Recognising the signs of disruption
Disruption: It’s become the latest buzzword in business, and is likely being heard with increasing regularity in every boardroom across Australia – and so it should be, because no industry or business is impervious to it.
In recent years, entire industries have been disrupted at a rapid rate.
Take the taxi industry in Australia for example, which is still grappling with how to compete with Uber, five years after the ride-sharing service disrupted what had been a captive market. Or AirBNB, which has shaken up the rules when it comes to managing holiday rentals.
Subscription Video on Demand services such as Netflix are also disrupting free-to-air television, by giving viewers the flexibility to watch their favourite shows whenever and wherever they want.
And with more than seven million subscribers – representing one in three Australians – the platform is showing no signs of slowing its disruptive streak. According to Roy Morgan Research, Netflix recorded a 20 per cent jump in household subscriptions between December 2016 and March 2017 alone.
While new technology plays a central role in disrupting industries or businesses, it’s often the offer of an enhanced user experience that is the key to success.
Digital marketing company Alyka explored this topic in a recent podcast with special guest Charlie Gunningham, Founder of Damburst.
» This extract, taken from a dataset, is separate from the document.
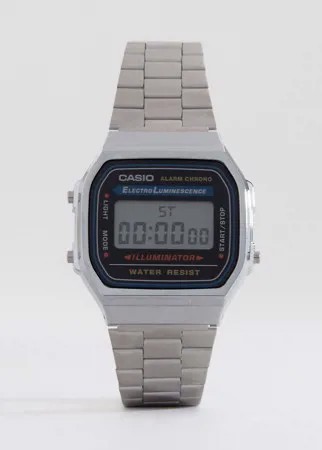 Электронные часы-браслет Casio-Серебряный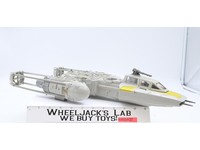 Y-Wing Fighter WORKS Star Wars ROTJ 1983 Kenner Vintage Action Figure Vehicle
Here’s a summary of three key insights from their discussion.
What can businesses learn from disruption?
1. Don’t be complacent
Consumer behaviour is changing. We want information fast and we want to be able to access it wherever we are, whenever we want and on the device of our choosing. Younger generations aren’t picking up magazines or watching free-to-air TV: they’re reading news on social media and binge-watching TV shows through subscription services.
Therefore it should come as no surprise that improving customer experience, or solving a common problem, is often at the heart of any major disruption. It’s a lesson for every business – consumers are changing, and businesses must evolve with them.
Charlie Gunningham suggested businesses should actually be most nervous when they’re doing well, because they lose sight of the disruptive activity that might be creeping up on them. A profitable business can also be an indicator to entrepreneurs that there is money to be made in an industry if a better service or product can be offered.
2. Embrace problems
How do you avoid being disrupted? Solving problems for your customers and improving user experience at every touchpoint in the consumer journey is a great starting point.
To reference the rise of Uber again: it didn’t offer a vastly different product to the taxi industry, but it did offer an improved customer experience, making it easier, cheaper and more convenient to find a ride.
But better customer service won’t always win. That’s why, according to Charlie Gunningham, businesses should always maintain focus on the problem they are trying to solve, rather than getting too caught up in the fancy product they’ve created.
3. Use digital disruption to your advantage
The imminent introduction of Amazon in Australia will see the internet shopping giant compete with major established players, and is expected to cause major disruption in the already struggling retail sector.
But rather than be threatened by Amazon, Alyka Director Zion Ong believes local retailers should invest in improving the customer experience on their websites, while also mastering the art of selling on Amazon to maximise the benefits of this disruption.
Where possible, businesses should also identify opportunities to benefit from the plethora of new technologies, products and solutions, such as robots and artificial intelligence that are coming on to the market.
With the growing success and popularity of companies like Tesla, all eyes are now focused on the emergence of autonomous vehicles and anticipating the significant impact it will have on the world as we know it.